[Raw data — start]

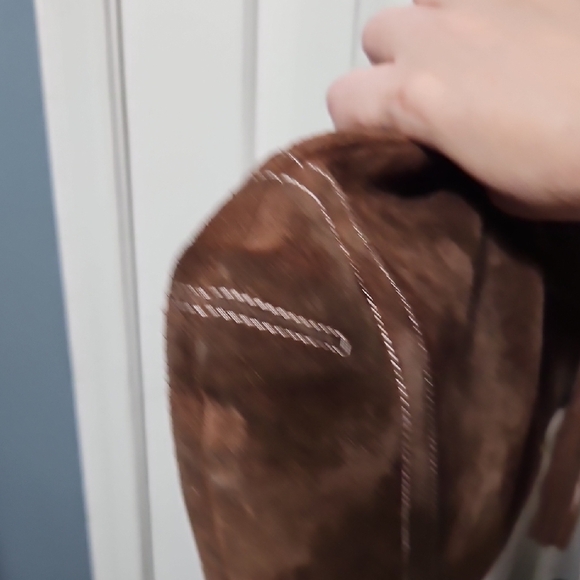 Coach REHAB Dark Brown Suede Bag Crossbody with Tassel - Picture 9 of 13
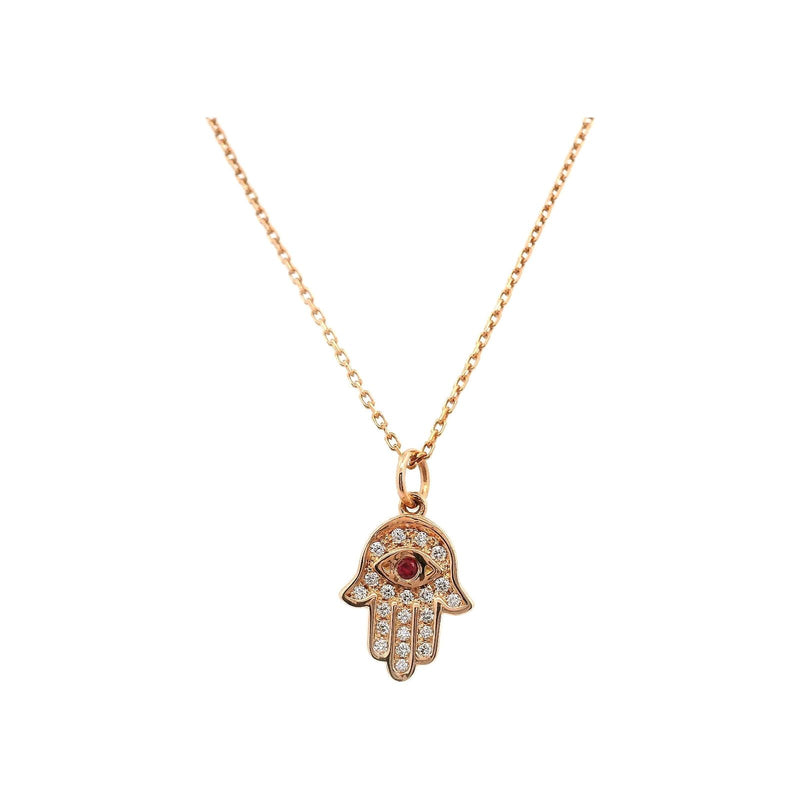 14kt Yellow Gold Diamond and Ruby Hamsa Necklace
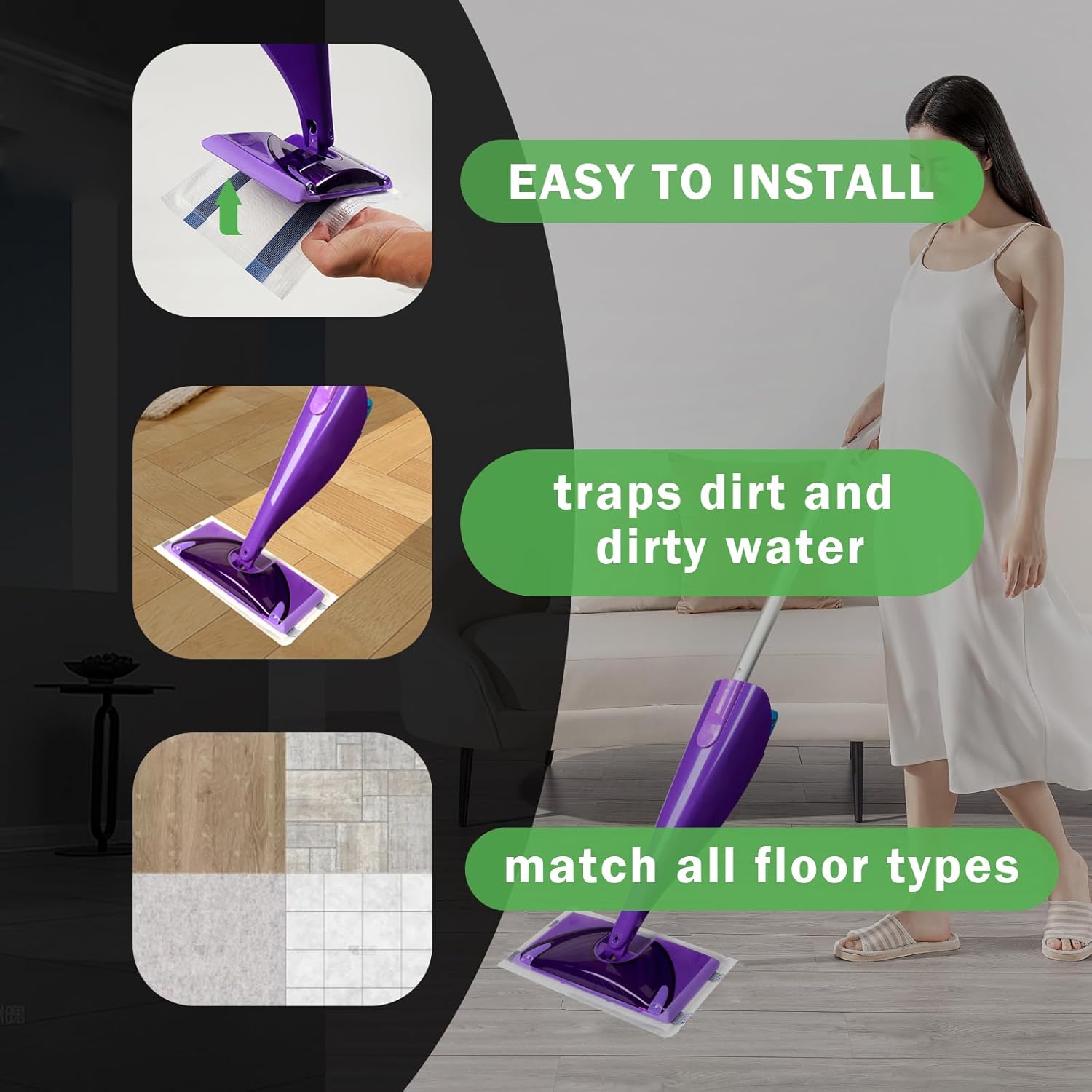 UKEENOR Hardwood Floor Cleaner Spray Mop Pad Refills 32 Count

[Raw data — finish]

- [What needs to be done]: Write out the material exactly, excluding pictures.

- [Task solution]:
 Coach REHAB Dark Brown Suede Bag Crossbody with Tassel - Picture 9 of 13
 14kt Yellow Gold Diamond and Ruby Hamsa Necklace
 UKEENOR Hardwood Floor Cleaner Spray Mop Pad Refills 32 Count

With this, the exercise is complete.